> _Goal of the exercise_: All lines from the one containing "AI Smart Glasses" through the end of the material below are to be printed exactly, both ends included, minus pictures.

> _Data records_:
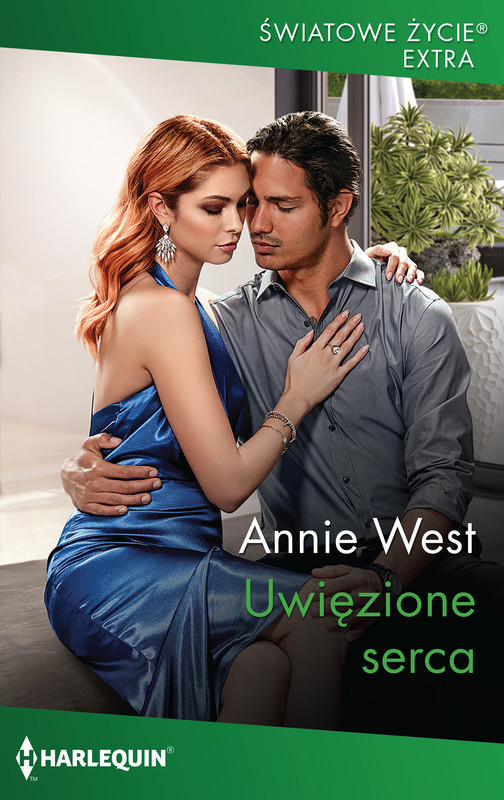 okładka Uwięzione serca ebook | epub, mobi | Annie West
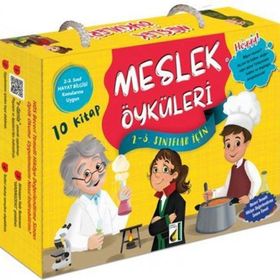 Damla Yayınevi - Meslek Öyküleri 10 Kitap Takım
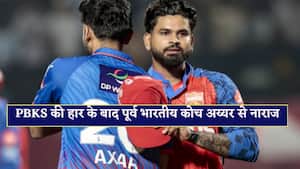 Sanjay bangar shows his anger on shreyas iyer after pbks loss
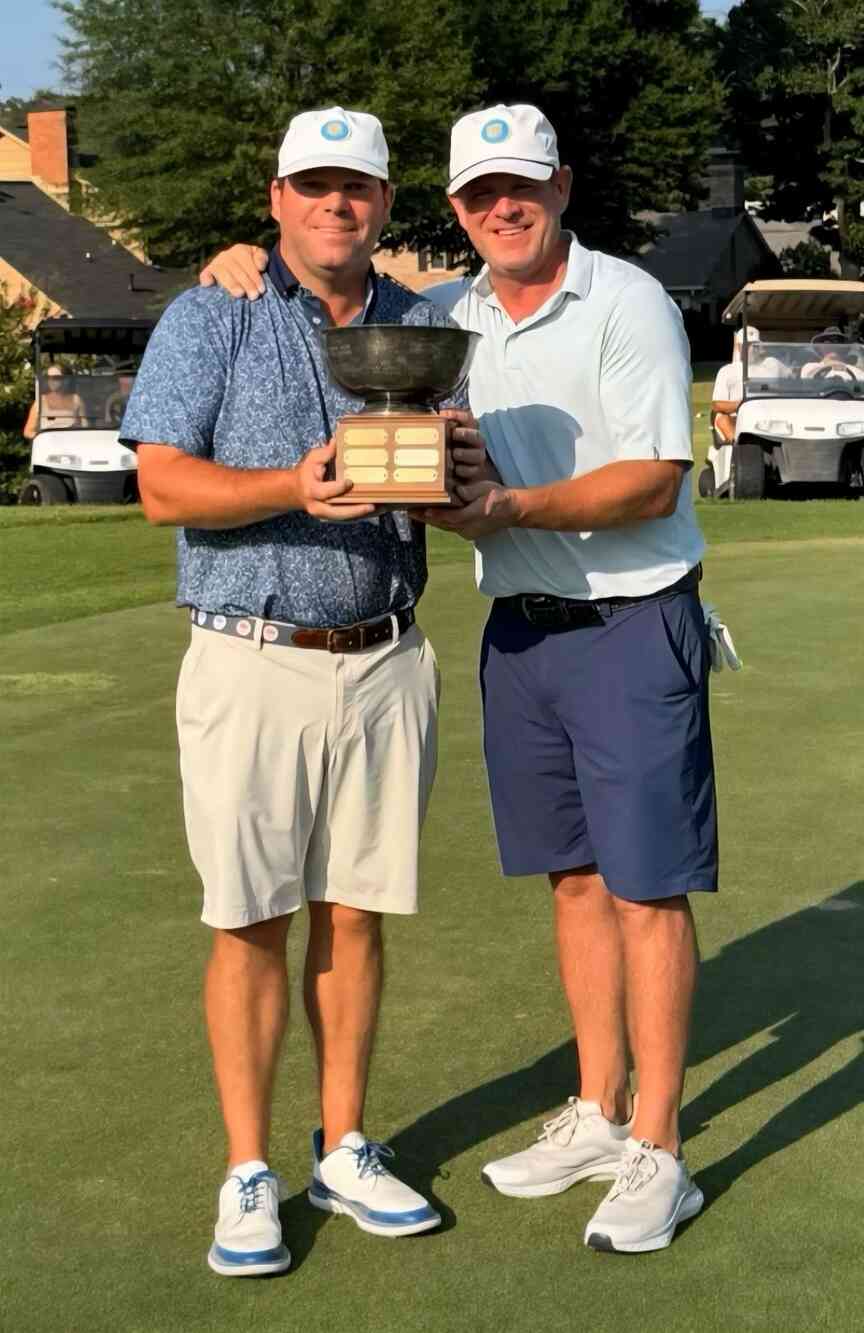 May, Phillips win Pine Bluff Country Club’s annual golf tournament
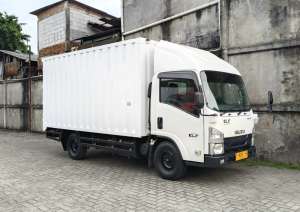 Jual bekas MULUSbanBARU MURAH CDE LONG Isuzu elf NLR L Box besi 2022 bok,lokasi di Jakarta DKI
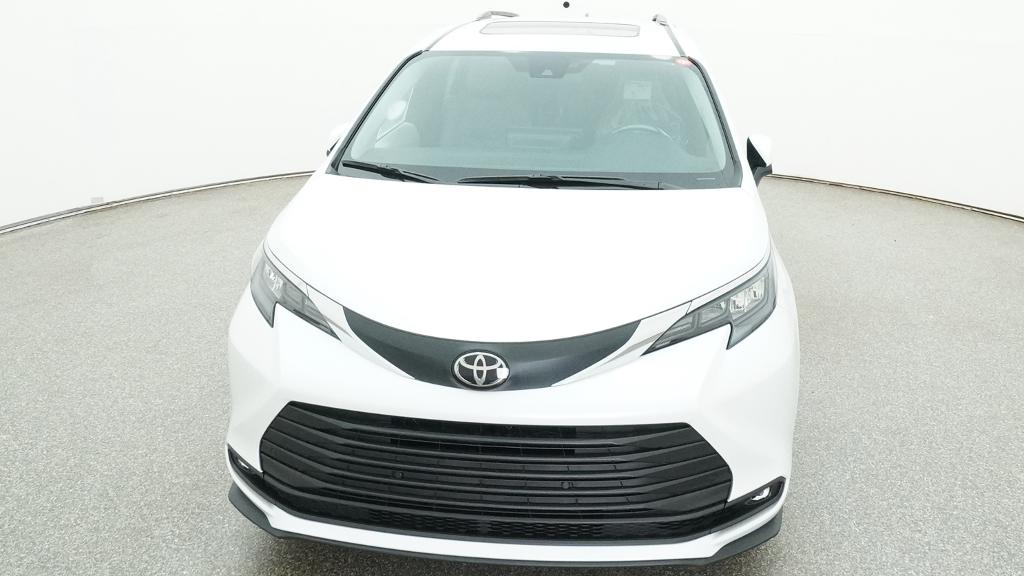 New 2026 Toyota Sienna Van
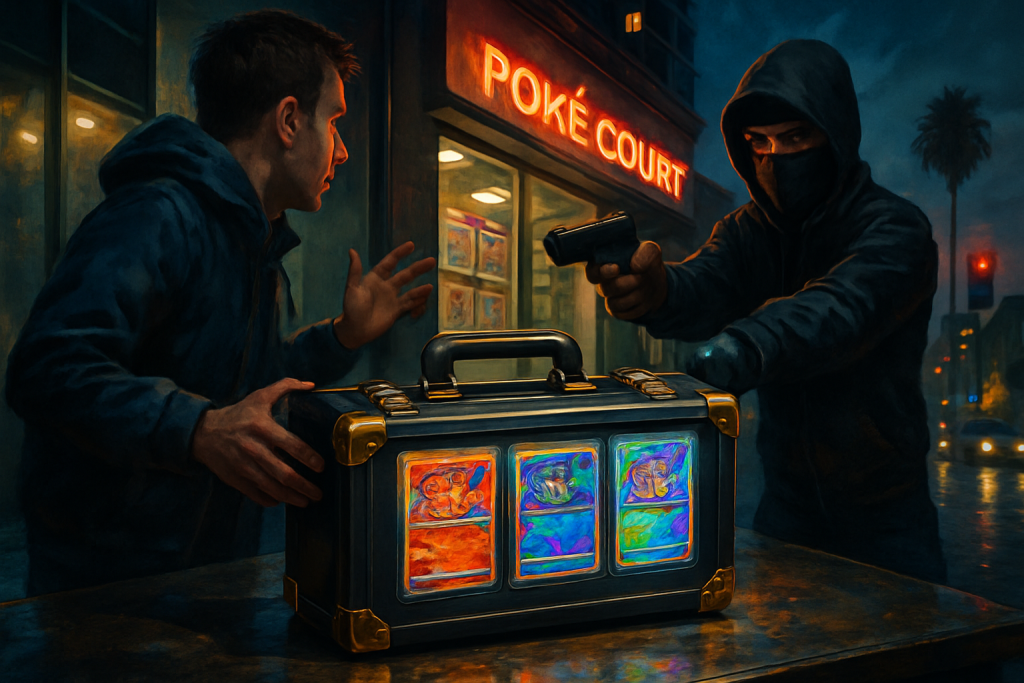 The Sawtelle robbery that may have cost a collector more than 0,000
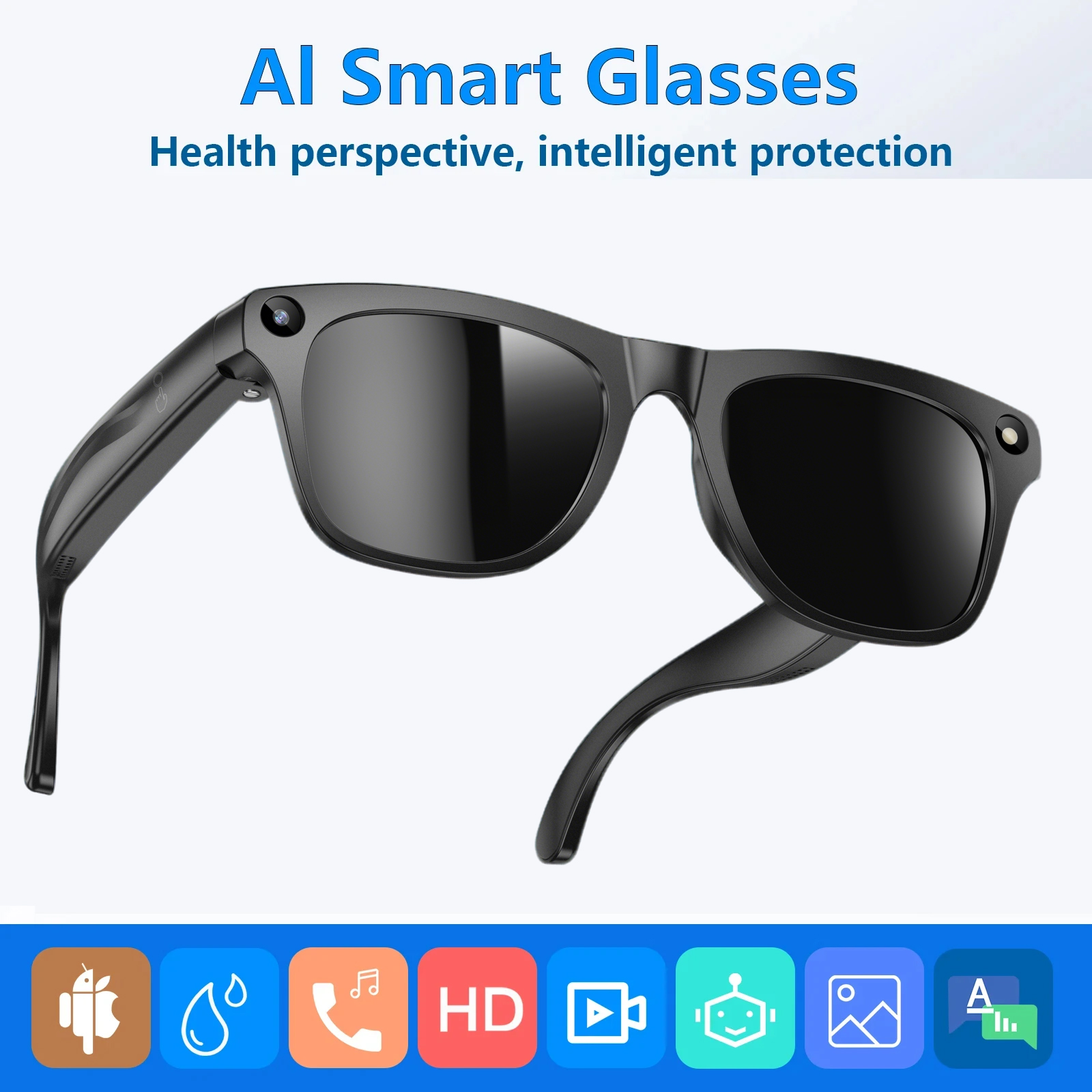AI Smart Glasses Camera AI Pho - Smart Glasses Lens のレビューと価格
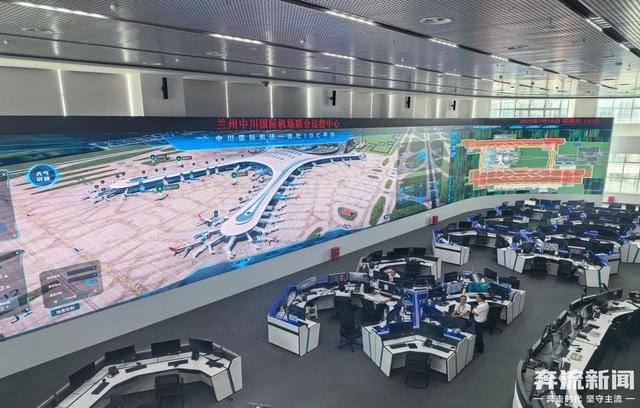 通航55年，兰州中川国际机场从区域空港迈向现代化国际航空枢纽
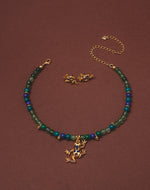 Set de Collar + Aretes Salto del Bosque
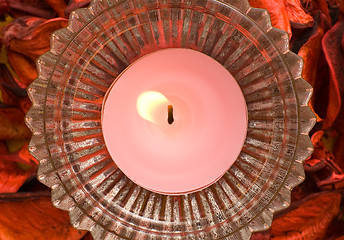 Image showing candle detail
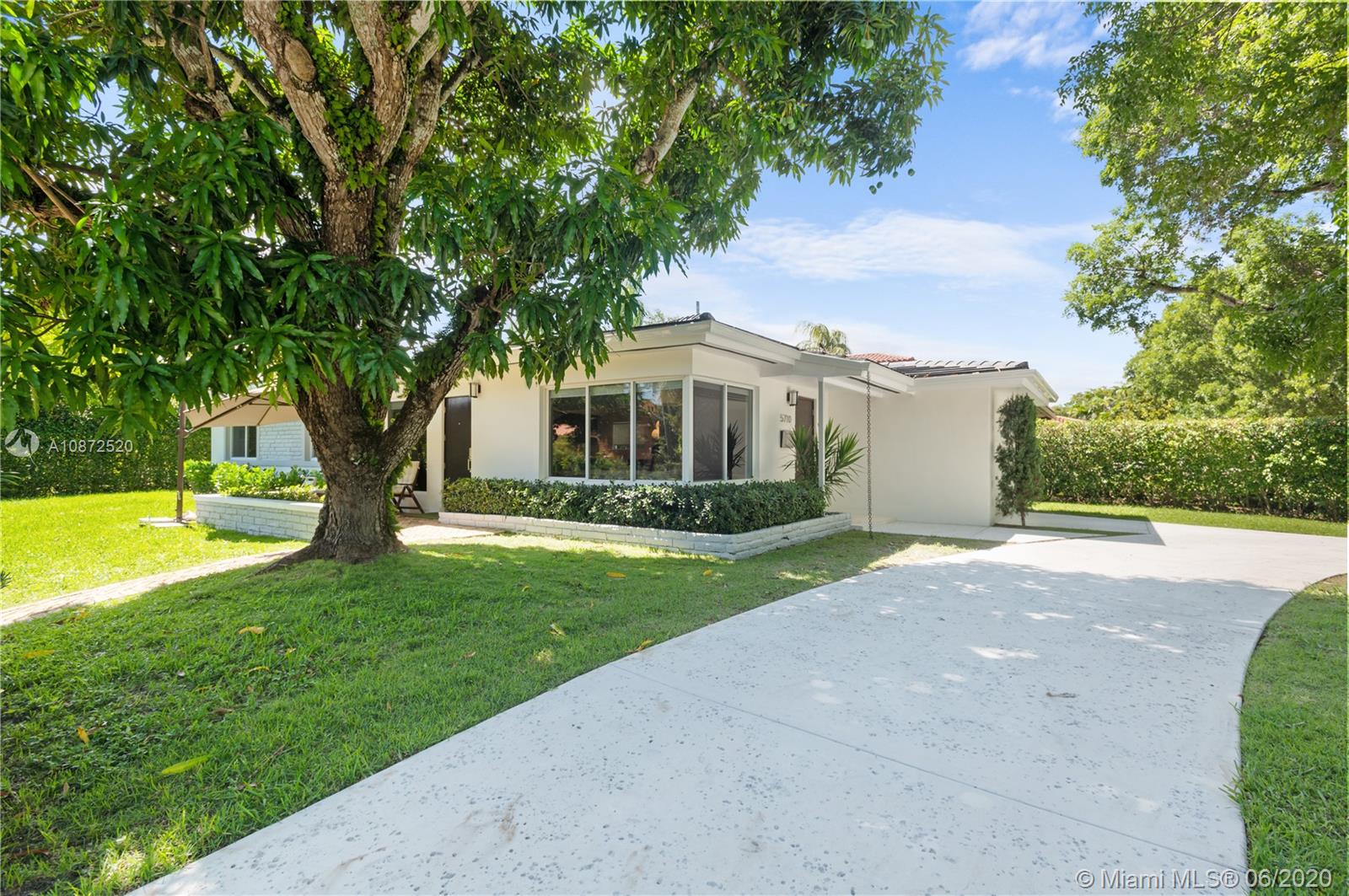 5710 S Le Jeune Rd, Coral Gables, FL 33146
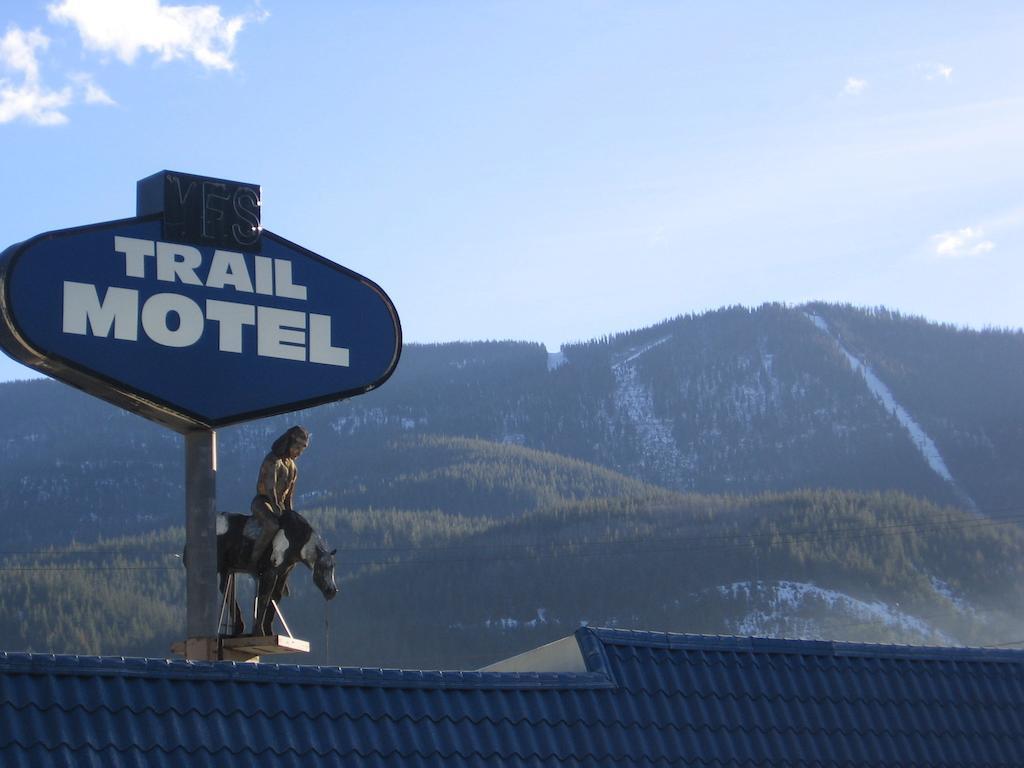 Trail Motel ケロッグ エクステリア 写真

> _Written reply_:
AI Smart Glasses Camera AI Pho - Smart Glasses Lens のレビューと価格
 通航55年，兰州中川国际机场从区域空港迈向现代化国际航空枢纽
 Set de Collar + Aretes Salto del Bosque
 Image showing candle detail
 5710 S Le Jeune Rd, Coral Gables, FL 33146
 Trail Motel ケロッグ エクステリア 写真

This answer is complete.